4 thoughts on “Regulating Systemic Risk From Hedge Funds

  1. To extend the physical analogy used a few days ago, consider the quantum nature of matter and energy, in which beneath the apparent order of the macro lies the roiling foam of quantum probability of the micro.

    Like a subatomic particle, risk spends most of its time as a probabiliity function. Maybe, like a subatomic particle, just observing it collapses the function to a certainty and thereby affects its future.

    Can the universe of derivatives be thought of in similar terms? If so, like Schrodinger’s cat, actual risk exists in a superposition of states. The government can’t measure it without collapsing the probability function and thereby altering that which it seeks only to measure.

    In the macro world, we don’t really care what individual subatomic particles are doing, because the behavior of particles mean revert in large numbers and the world becomes quite stable. What we do care about is avoiding the concentration of unstable atoms into a critical mass.

    The problem, IMHO, is that we apparently can’t even measure employment with reasonable timeliness and accuracy, let alone detect the metaphorical emission of radiation which might indicate an impending critical concentration of risk.

    The question then, is how do we know the extent of exposure to systemic risk in the companies we own?
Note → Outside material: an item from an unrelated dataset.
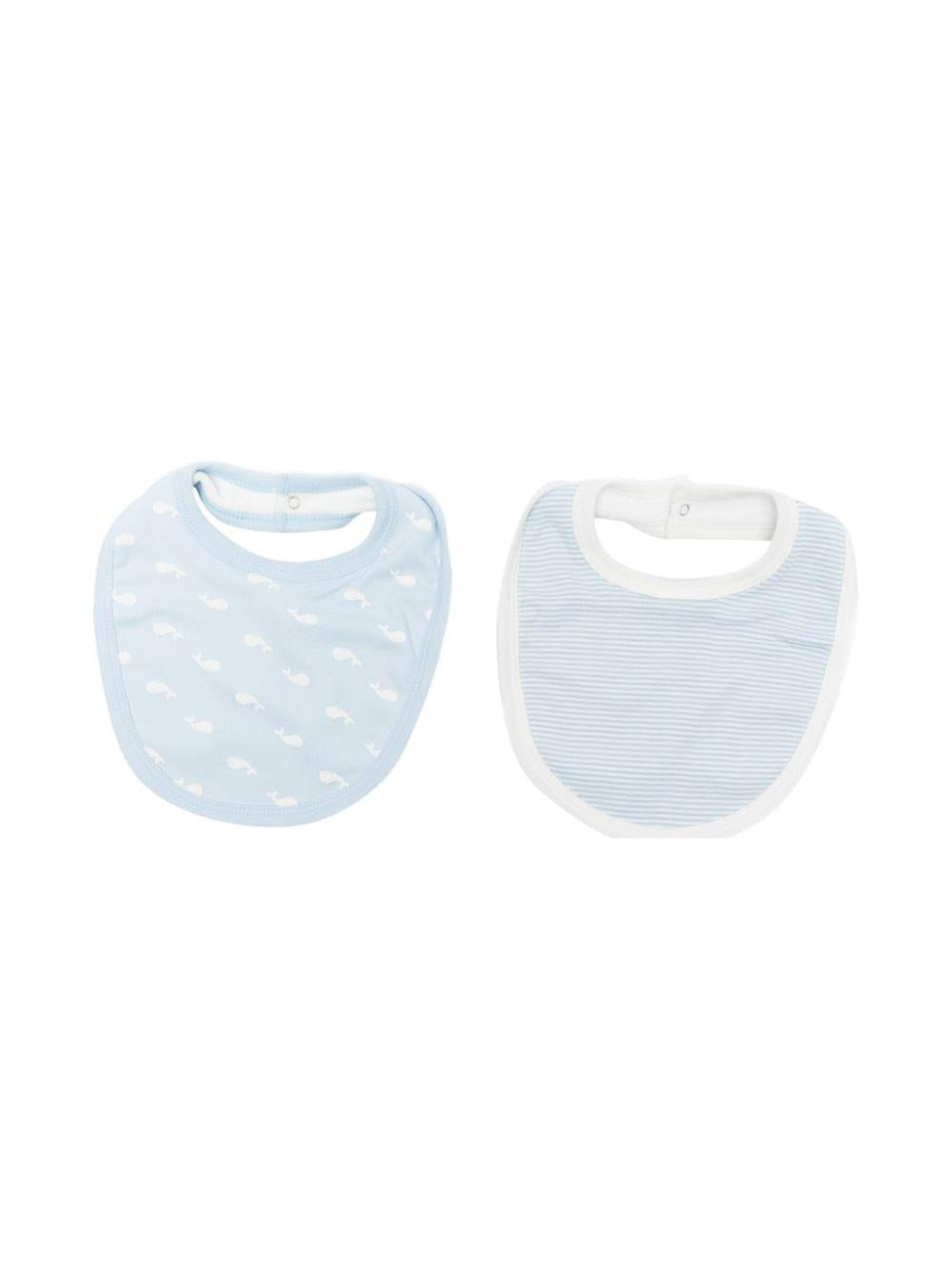 Set di due bavaglini per neonato Petit Bateau azzurri con fantasie diverse A0FFQ 01 PETIT BATEAU KIDS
A metaphorical Geiger counter would be helpful.

  2. I like your post a lot. Yes, the moment the government moves to control anything, the system shifts, sometimes in violent ways. Part of my post was trying to point out the impossibility of trying control systemic risk, even while trying to point out what it would take to analyze the system as a whole.

    Though I think that the major investment banks have some of the best modeling going on systemic risk, I think that they might trust their models more than they ought. They would have a shot at it if they analyzed it as a group, but only a shot, and antitrust would prohibit it.

    If the government tried to do it with their army of Ph.Ds, it would fail without question… they have a hard enough time getting the simple stuff right, as you point out.

    And to your question: the Geiger counter that I use is a qualitative one. With non-financials, it comes down to balance sheet quality — how likely would they need financing at a time when it is not available? With financials, it is similar, but with additional attention to the quality of whom they have lent to, and their overall exposure to the equity markets. The only financials that I hold now are a few foreign banks, Allstate, and a Mortgage REIT, Deerfield. Even my insurance portfolio is on the low-levered, conservative side. Boring even.

    Thanks for your post, and I hope to hear more from you.